The customer is ready to order but needs to know the price and delivery date first. You check finished parts inventory, material availability and machine capacity. There are phone calls, then judgment calls. Voices are raised, risks taken. The customer gets his quote eventually, but maybe too late.
It’s a hypothetical scenario yet one that plays out in manufacturing operations every day. The challenge is the data: if it’s available. The data is often buried in siloed systems, just plain not accurate and or stored without enough detail or context. Management is left using estimates and gut feeling rather than analytical decision-making, which is no way to run a business.
Shop floor digitization offers a better way. The data you want is there but it’s buried deep. It requires sensors, connectivity and cloud computing to draw it out in context.
Products are digital: they live as computer-aided design (CAD) models and simulations. Enterprise resource planning (ERP) has digitized business management and manufacturing has been digital for decades: programmable logic controllers (PLCs) and PC drive motion, robots and even inspection, all without human input. What’s missing is the connectivity.
Shop floor digitization is about linking all those systems and turning data into information. Specifics will vary by manufacturer and manufacturing process but there is a common theme: connectivity. Query connected machines and you will have real-time data on their condition and availability. Link this live process-level data with production order data and you’ll also know the status of every job on the floor along with material yields and inventory levels.
Now send this data to the cloud and let employees access it as and when needed. Suddenly data becomes information that drives better decision-making. Workers are empowered to investigate and experiment. Waste and costs fall as capacity and output grow.
Some might see this as an impractical dream.
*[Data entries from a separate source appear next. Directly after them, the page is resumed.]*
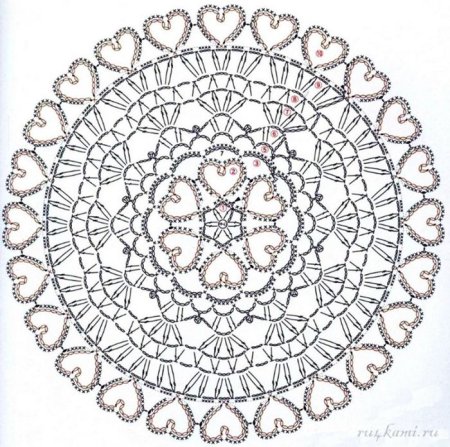Crochet Doily схемы
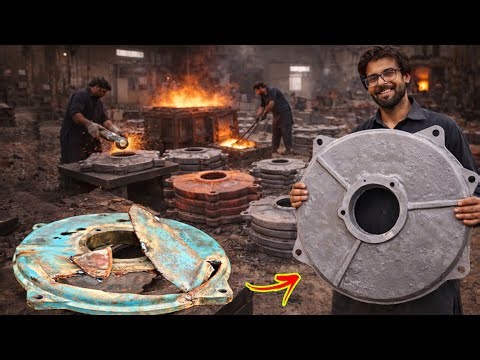 Unbelievable Factory Skill — Heavy Casting Turns Broken Part Into New | Manufacturing Process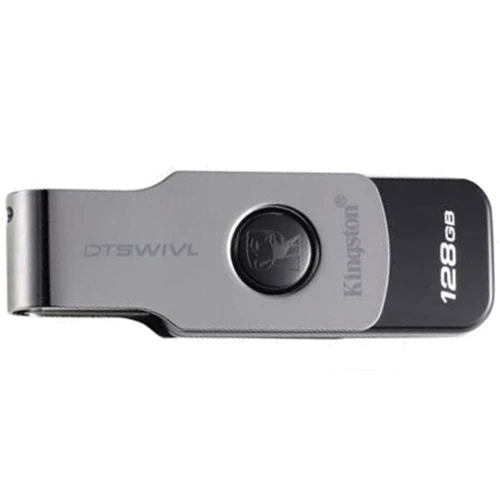 USB-флешка Kingston 128GB DataTraveler SWIVL USB 3.0 Metal (DTSWIVL/128GB)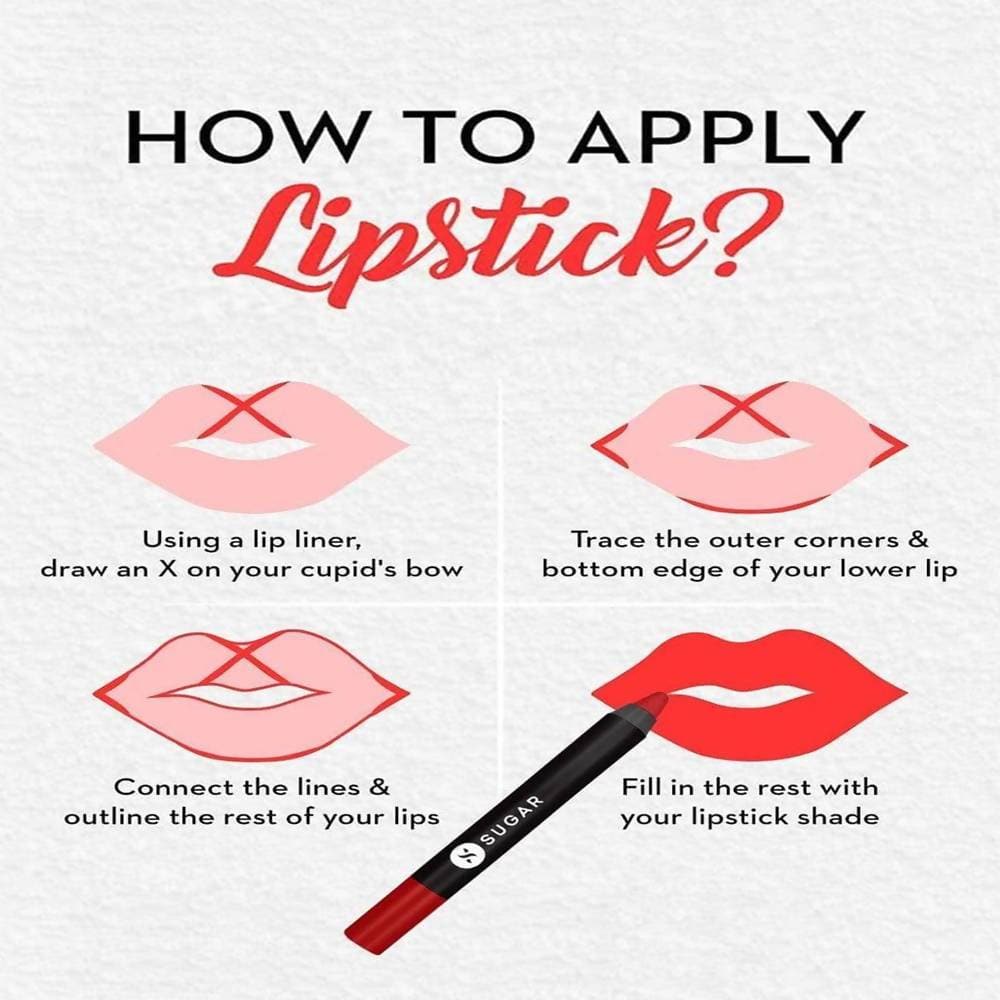 Sugar Matte As Hell Crayon Lipstick - Princess Peach (Peach)
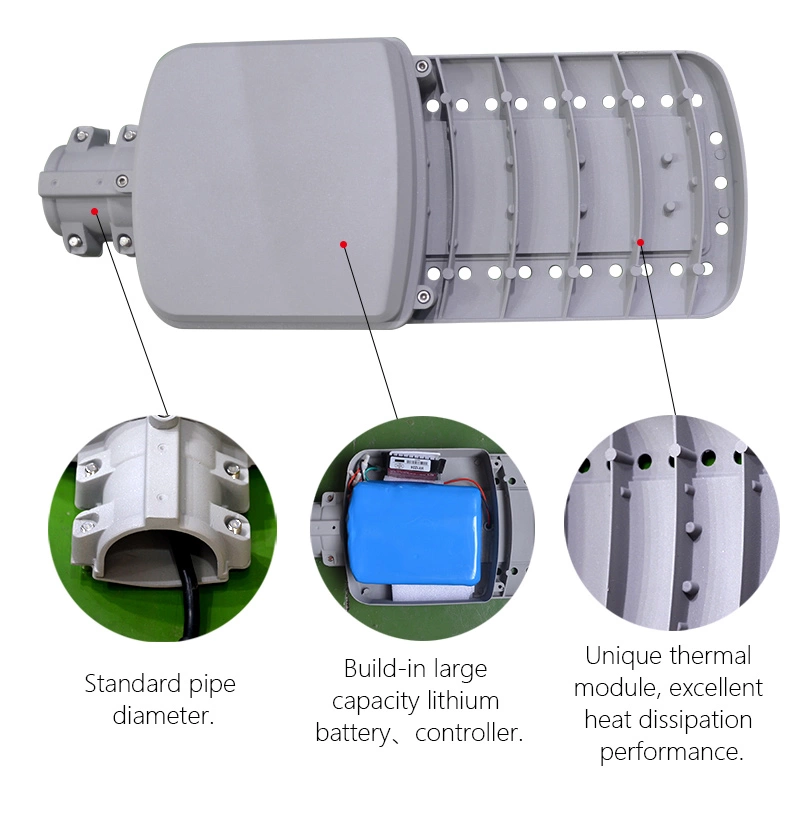 2020 trend product 100w All in two integrated outdoor LED street light solar system with best price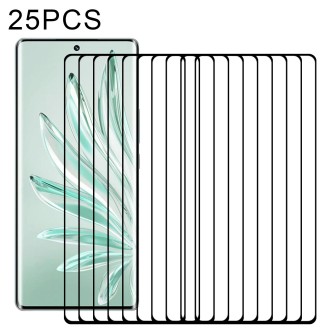 25 PCS 3D Curved Edge Full Screen Tempered Glass Film For Honor 70 Pro / 70 Pro+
However, here are three use cases to consider:
Empowering Continuous Improvement
No one knows the processes and machines as well as the people who work on them. They see and live with the problems, but without data, they are often powerless to make changes. Too often the correlation between item-based production data and equipment performance are lost in the data tsunami. It feels like certain parts are more problematic to make and now the data assists in determining just how problematic and provides the basis for addressing the issues. When production statistics go to the cloud, they are accessible to all. Given tablets or PCs to view the numbers, workers can review and Pareto problems, prioritizing and acting without waiting for engineers to study or managers to make a decision.
Increasing Asset Utilization
Planned maintenance aims to prevent major breakdowns, but many machines and lines are plagued by micro-stoppages that get little attention. Automated reporting directly from the equipment yields data on actual performance, minute-by-minute if needed, giving a level of granularity never before available. And once problems are known, they can be fixed.
Machine conditioning monitoring takes this further. Cloud-based AI can monitor key machine signatures and decide when maintenance will prevent quality problems or downtime. Then the computerized maintenance management system can check spare inventory and even schedule repairs in a way that minimizes production impact.
Manufacturers, especially those in the automotive sector, have been getting leaner since at least the 1990s, but you will still see inventory on the plant floor. Perhaps an order is waiting while a machine breakdown is fixed, or maybe a tool is being repaired. Accurate, up-to-date data such as machine condition, tool condition and parts availability could eliminate this challenge. This leads to less works-in-progress and shorter lead times, freeing-up space otherwise occupied by delayed production orders while improved cash flow delights the company’s Finance department.
Rather than diving straight in, consider a pilot study. Instrument a machine or part of the process, gather data, align it in context and determine what it’s telling you. Over time you’ll be able to correlate changes in these signals with events and identify what is and isn’t useful. In parallel, investigate cloud storage and learn what data analytics can do for you.
QAD has already engaged some of its customers via QAD Labs, the company’s virtual collaboration hub for advanced technology experimentation, to target and address the challenges associated with manufacturing planning and business operations. If you are interested in learning more about QAD Labs, have a need or idea, please let us know at QAD_labs@qad.com.
Make the Move
Manufacturers around the world are recognizing that information is key to improving their competitive position. Information comes from the wide variety of data associated with the operational and planning systems supporting a factory. Shop floor digitization is the basis for meeting the challenge of converting data into better decision making and corrective action. Instrument your machines, gather data, build context, share it via the cloud and let it guide your employees’ decision-making. You’ll see your business become leaner and more responsive with costs falling and capacity growing.